I mentioned a brisk, clean and simple little “stickynote” program for the console the other day, and in the same breath mentioned both hnb and vimwiki. I wanted to add a quick note that I’ve been seeing some strange behavior with vimwiki, on low-end machines.
It seems that the longer, vertically, the page gets, the more lag I encounter when adding or editing material near the end. It’s a little frustrating, but I do notice it at both 550Mhz and at 120Mhz. It only seems to happen when adjusting pages at the bottom, and the page has to be rather long to start with. Shorter pages with a lot of text (perhaps three or four lines wrapped) don’t seem to have the problem, but there’s definitely some sort of processor-based issue at work; the lag is emphasized on the slower machine.
I haven’t seen any bug reports or other complaints elsewhere about the issue, which suggests to me that either everyone else is using vimwiki at a higher clock rate, or making shorter pages. 😉 I do see an occasional note that suggests lag when there are a lot of wiki pages to handle, but that’s not usually the case here. I might have eight pages total, but the lag is really only on the longer, list-like ones.
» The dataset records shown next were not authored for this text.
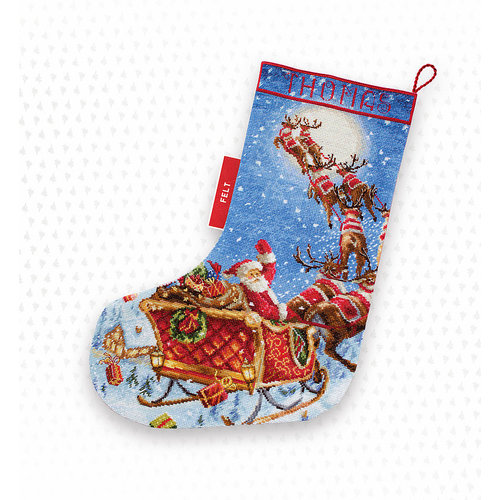 Leti Stitch Borduurpakket The Reindeers on it's Way! Stocking - Leti Stitch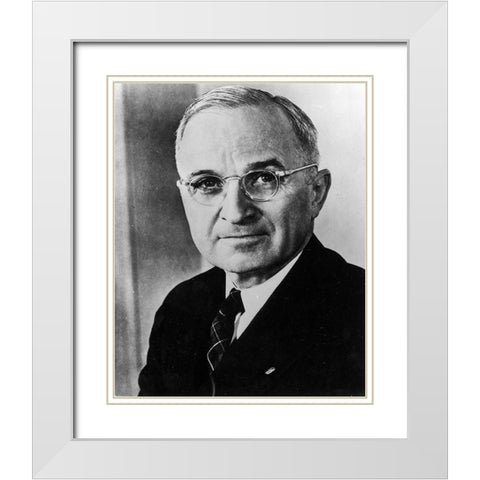 Harry S Truman White Modern Wood Framed Art Print with Double Matting by Vintage Photography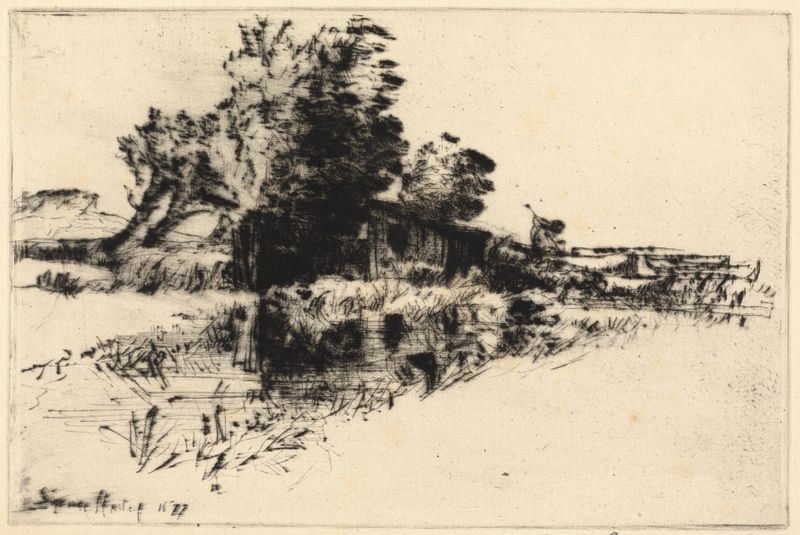 La pequeña casa de botes de Francis Seymour Haden, impresionismo, representando una escena marina serena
I’ll poke around a little more and see if I can pin the issue down, and maybe file a bug report. It’s altogether possible that this is something I have done either intentionally or by accident on these customized Crux builds, but it would be nice to at least get some sort of outside verification that I am not imagining things. 😯 😆
Have you tried to turn folding off?
The folding stuff is very slow there especially if folding of list items is switched on.